- Exercise goal: Transcribe exactly the lines from the one containing "Infographic about Mathu" through the end of the data, both included. Leave out pictures.

Material supplied below:

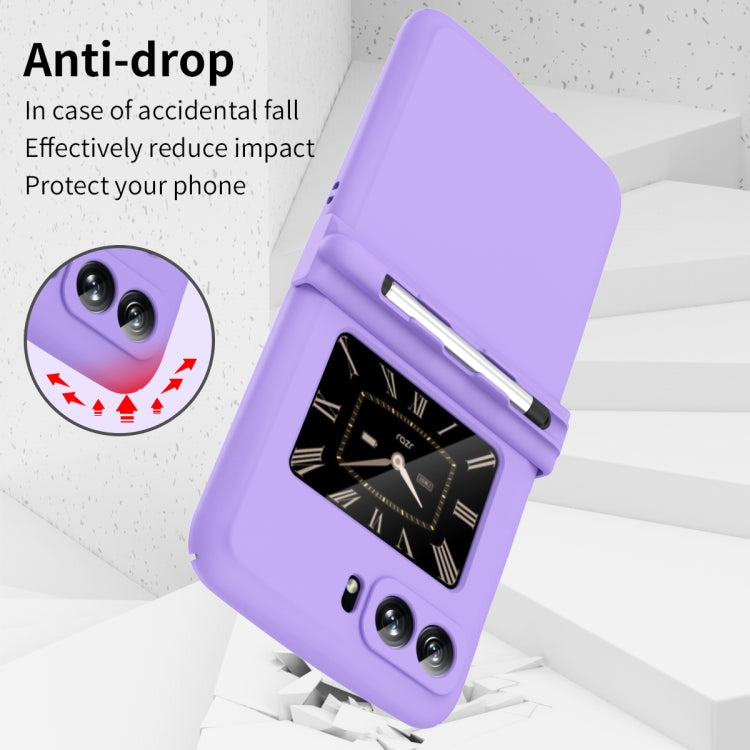 For Motorola Razr 2022 Macaron Three-piece Set Phone Case with Stylus(Purple) - Motorola Cases by PMC TechLife | Online Shopping South Africa | PMC TechLife | Buy Now Pay Later Mobicred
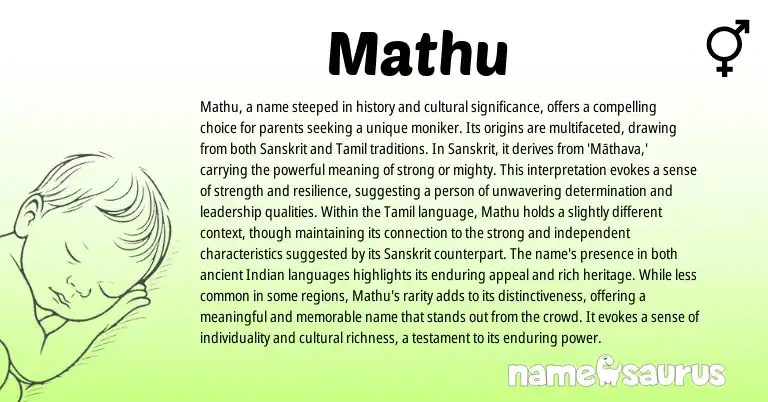 Infographic about Mathu name meaning, Mathu is a name from Indian, Sanskrit origin(s).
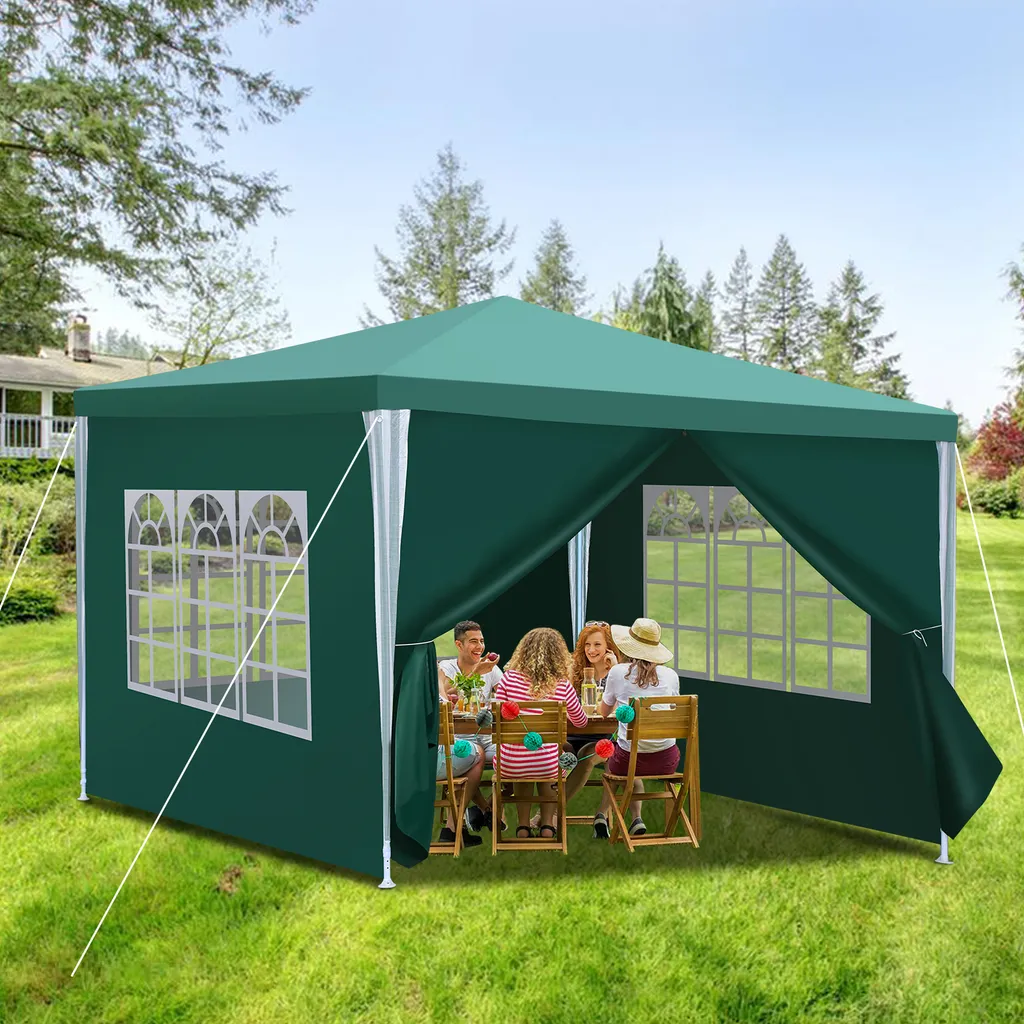 Clanmacy Gazebo 3x3m Blu con Pareti - Tenda Impermeabile Giardino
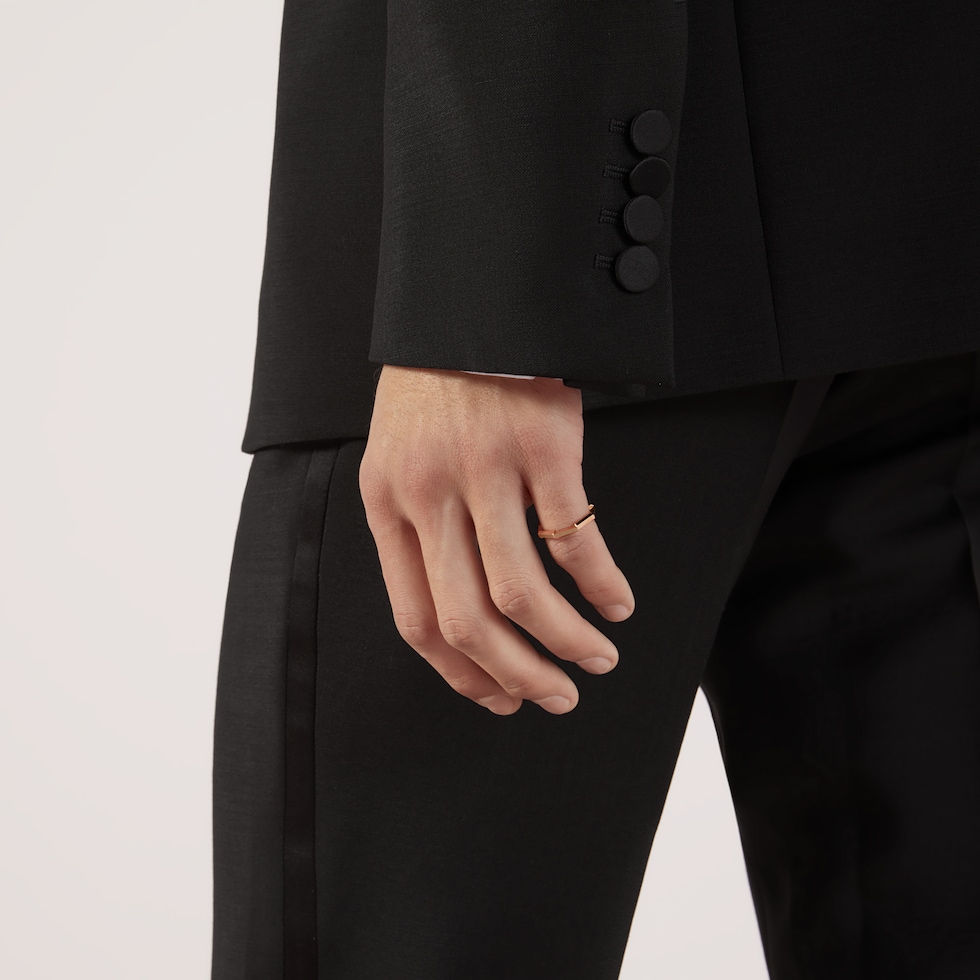 Gucci Link to Love mirrored ring in 18k rose gold | GUCCI® US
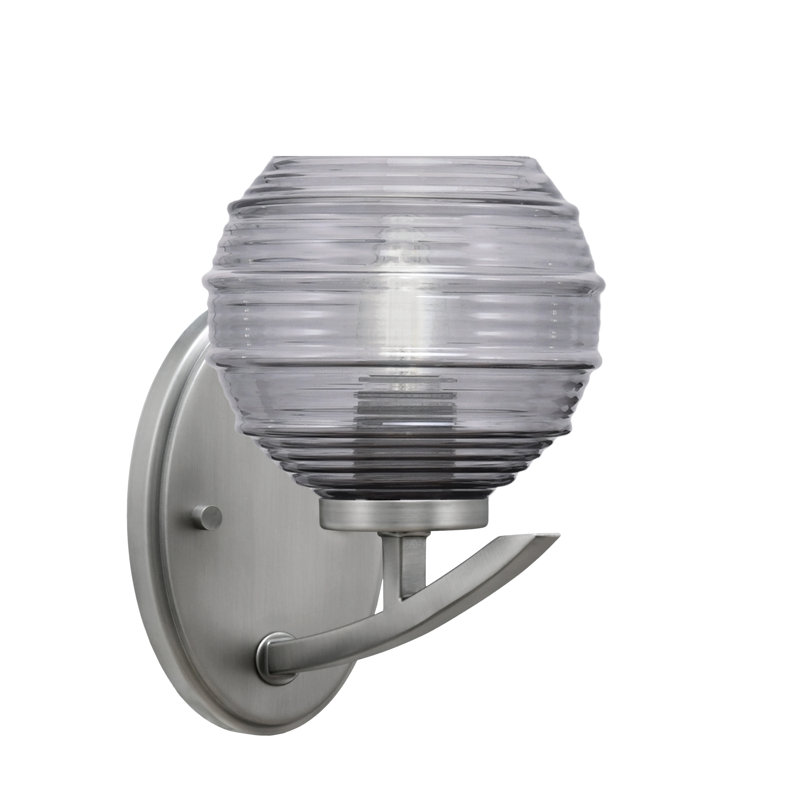 Kurve Wall Sconce With 6" Ribbed Glass, Nickel, Smoke
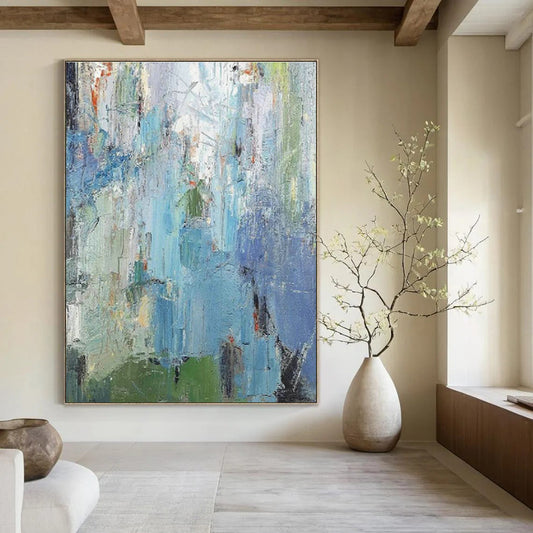 Blue - Green Abstract Art for Coastal Home Living Room Walls DLZ0270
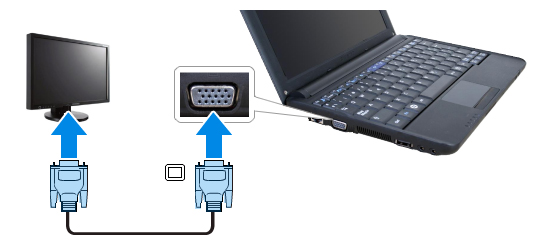 Spojite notebook na VGA utor monitora koristeći VGA kabel (15-pin)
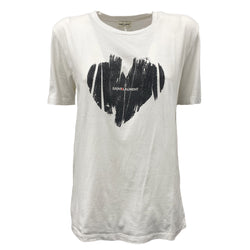 pre-owned SAINT LAURENT white graphic logo cotton T-shirt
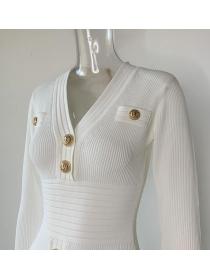 Wholesale Autumn Fashion Knitting Elegant Long-sleeved Dress 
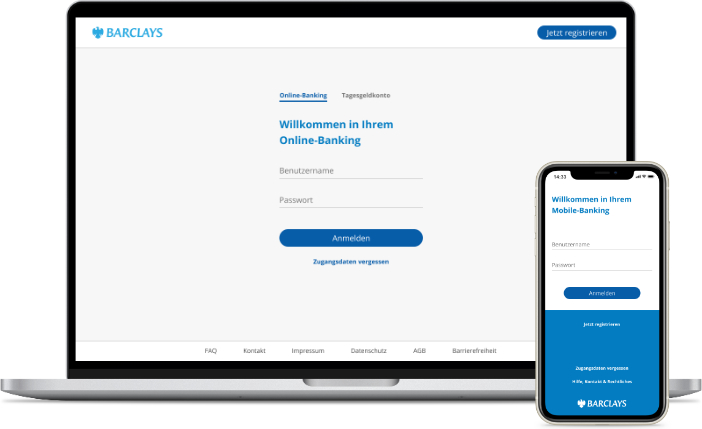 Referenz: Sabine Hellfritsch Abbildung eines Screens des Redesigns von Barclays App- und Onlinebanking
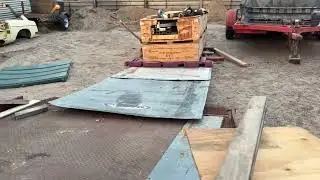 20250816 moving 3000 lbs metal shed 25x33 ft MODEL: K3325 metal and plastic sheets under box 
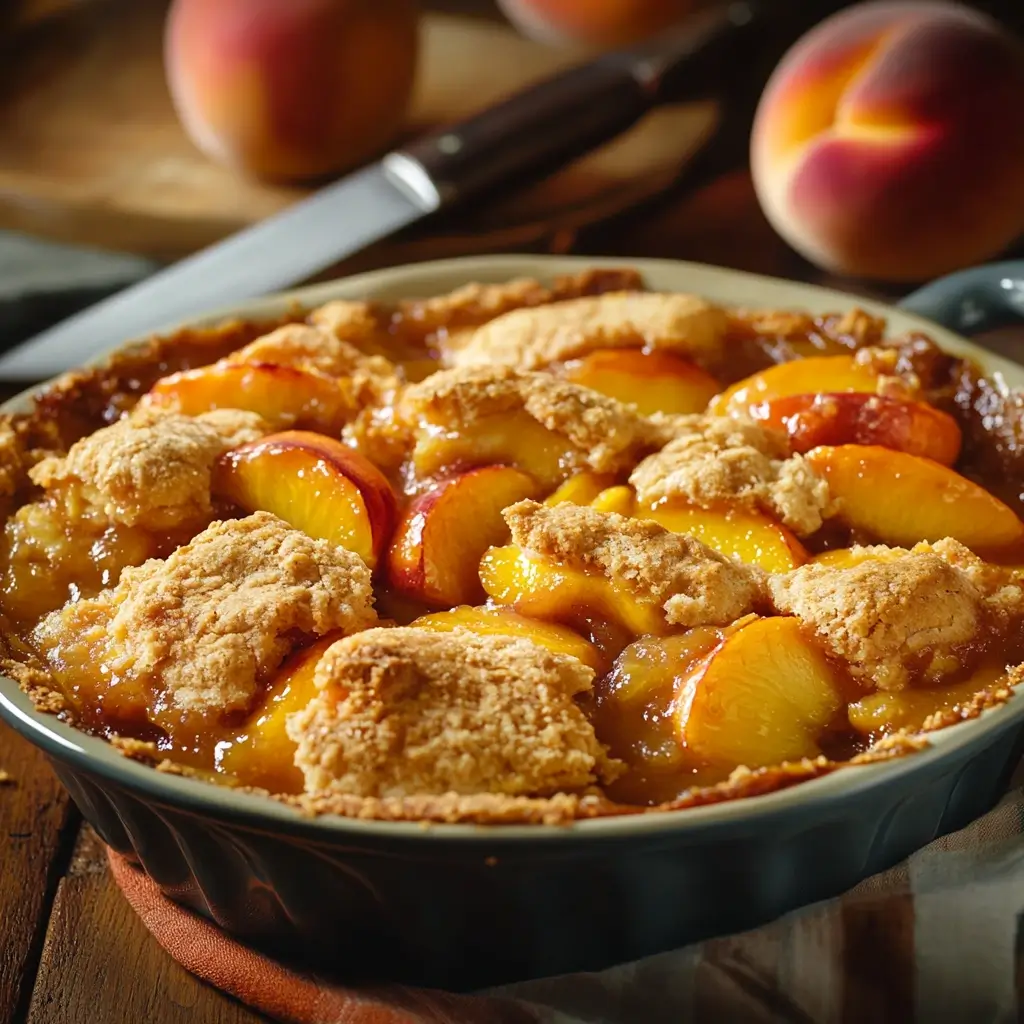 Peach cobbler with both peeled and unpeeled peaches, highlighting the different textures and flavors in the dish.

End of Material supplied.

- Solved problem:
 Infographic about Mathu name meaning, Mathu is a name from Indian, Sanskrit origin(s).
 Clanmacy Gazebo 3x3m Blu con Pareti - Tenda Impermeabile Giardino
 Gucci Link to Love mirrored ring in 18k rose gold | GUCCI® US
 Kurve Wall Sconce With 6" Ribbed Glass, Nickel, Smoke
 Blue - Green Abstract Art for Coastal Home Living Room Walls DLZ0270
 Spojite notebook na VGA utor monitora koristeći VGA kabel (15-pin)
 pre-owned SAINT LAURENT white graphic logo cotton T-shirt
 Wholesale Autumn Fashion Knitting Elegant Long-sleeved Dress 
 Referenz: Sabine Hellfritsch Abbildung eines Screens des Redesigns von Barclays App- und Onlinebanking
 20250816 moving 3000 lbs metal shed 25x33 ft MODEL: K3325 metal and plastic sheets under box 
 Peach cobbler with both peeled and unpeeled peaches, highlighting the different textures and flavors in the dish.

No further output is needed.